I was burst into tears when the house owner 's knocking the door to wake me up and I let myself to cry in his arms .....and he offer to drive me home, while MY FRIEND was still playing KINCET.

Gosh......I felt so embarrassed now...... I am a grow up woman...and still burst into tears because of my dream......and because of someone who I will never see in my life, what is going on withe me?

and of course, good luck to MY FRIEND, I am so going to kill him when the next time I see HIM!!!!!!

3 March 2011

Gosh......what if I can't find another Mr. D, who does know me......

Gosh....when I was watching modern family season 2 ep. 16, I miss Mr. D badly......

I know I know, he has totally forgot about me , and it's a good thing for him, I was a disaster!

It just......I never know myself, I never know what I am good at......and he seems to be the only guy who knows me more than myself......

After listening to a lot of stories from my friends, most of my female friends keep complain that their partners/boyfriends never able to get them any gift which they truly like...but ...Mr. D always get it right for me, it's amazing! He always know what I want, and I don't have to say a word......

Of course, on the other hand......I am not sure what he wants, and ...... in somehow......I was scared......I never have any confidence, and when compare with my exes, Mr. D is really not as good as them from his family backgrounds, education and other factors, but he was the only one who knows me, and I was scared when I was with him, because he is the only man who can tell what I want all the time, he knows me more than myself, yet the only weakness was......he was not mature enough to lead me ......I never understand him....as ...it seems he knew me, but why he has to do things which he knew I would be soooooooo sad? After all these years, I have to accept the fact that, "he is not that into me"......
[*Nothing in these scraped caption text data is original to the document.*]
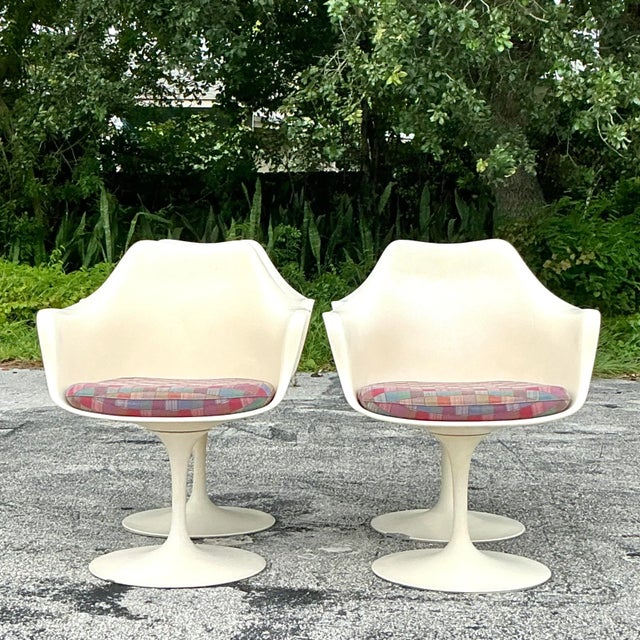 Knoll Vintage Mid-Century Modern Eero Saarinen Br50 Tulip Chairs - Set of 4 For Sale - Image 4 of 9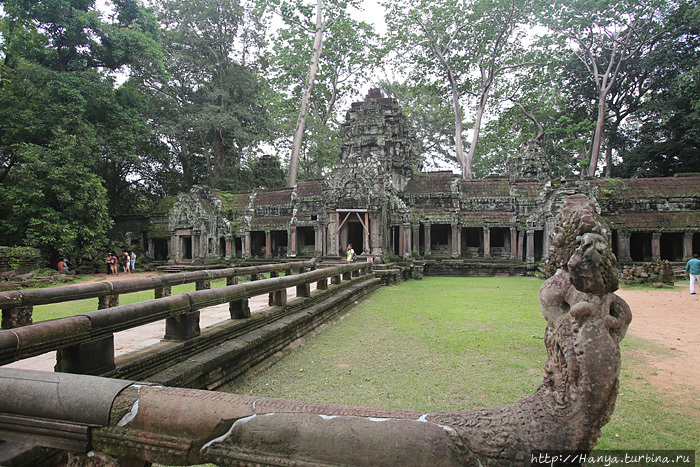 Западная крестообразная терраса в храмовом комплексе Та Пром. Фото из интернета Ангкор (столица государства кхмеров), Камбоджа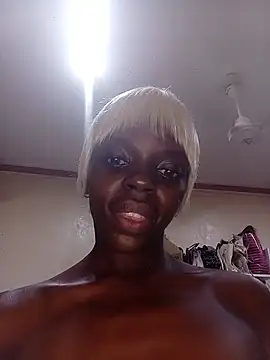 Highonmoglie online show from June 18, 2026, 8:58 pm
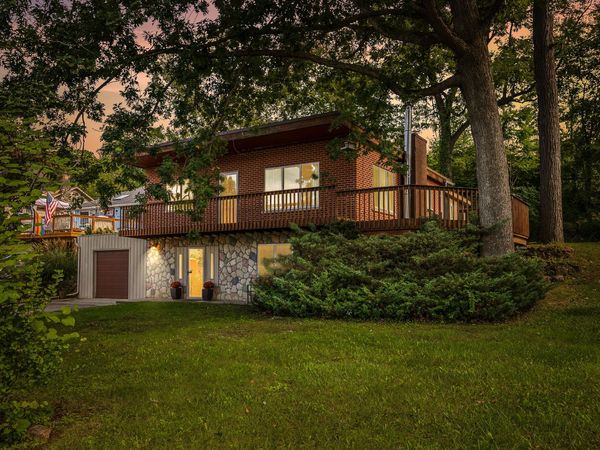 11959 Portage Lake Avenue, Pinckney, MI 48169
I have to remind myself...when guys who truly into me...even they are not able to know me deeply.......they would never try to do things in order to challenge my limit! My limited is easy to tell! no one beside Mr. D would push me to the corner.

Why am I always meet the guys in the wrong timing? I met a man who wanted to marry me, and a man who I wanted to marry with......but as always, always met them in the wrong timing!

I know...it's my problem! I always want someone who knows me, yet....for someone who knows me, he has to have the ability to calm me down as well....as ......I am lack of confidence...... I never truly believe in myself and "marriage"...even that's what I want......

p.s. don't worry all my friends, (I don't think any of you will look into my crappy notes here! My click rate should be zero everyday~anyways) I am  over Mr. D...it just .......I miss to be with someone who knows me deeply......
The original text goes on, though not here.